## Data segment
----------------

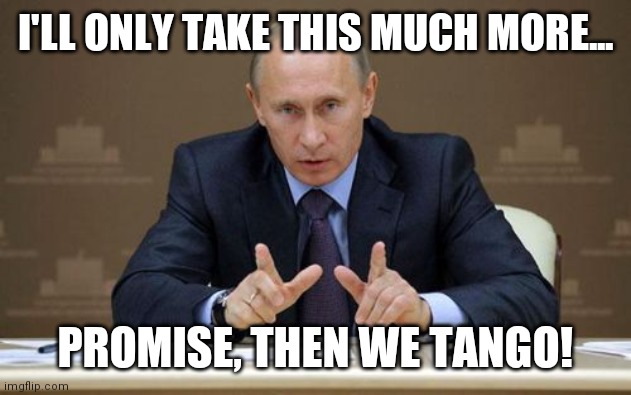 Everybody Tango! |  I'LL ONLY TAKE THIS MUCH MORE... PROMISE, THEN WE TANGO! | image tagged in memes,vladimir putin,charlie brown football,barefoot,sure grandma let's get you to bed | made w/ Imgflip meme maker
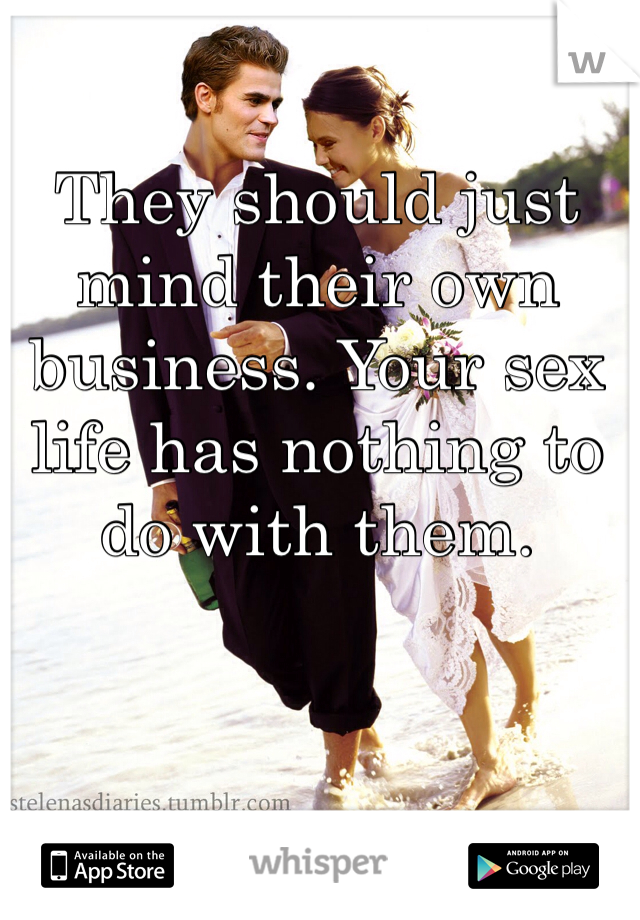 They should just mind their own business. Your sex life has nothing to do with them.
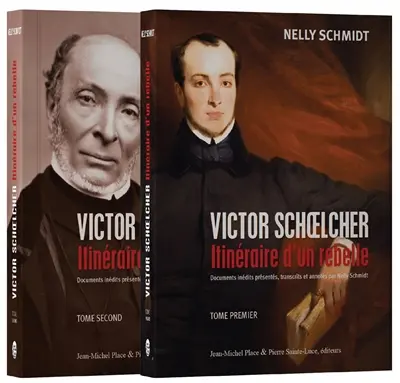 Victor Schoelcher : itinéraire d'un rebelle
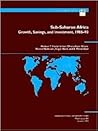 Sub-Saharan Africa: Growth, Savings, and Investment, 1986-93 (International Monetary Fund Occasional Paper)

----------------

## What to work on
Take the lines from the one containing "They should just" through the last line of the listing and repeat them exactly. Omit the pictures.

## Exercise output
 They should just mind their own business. Your sex life has nothing to do with them.
 Victor Schoelcher : itinéraire d'un rebelle
 Sub-Saharan Africa: Growth, Savings, and Investment, 1986-93 (International Monetary Fund Occasional Paper)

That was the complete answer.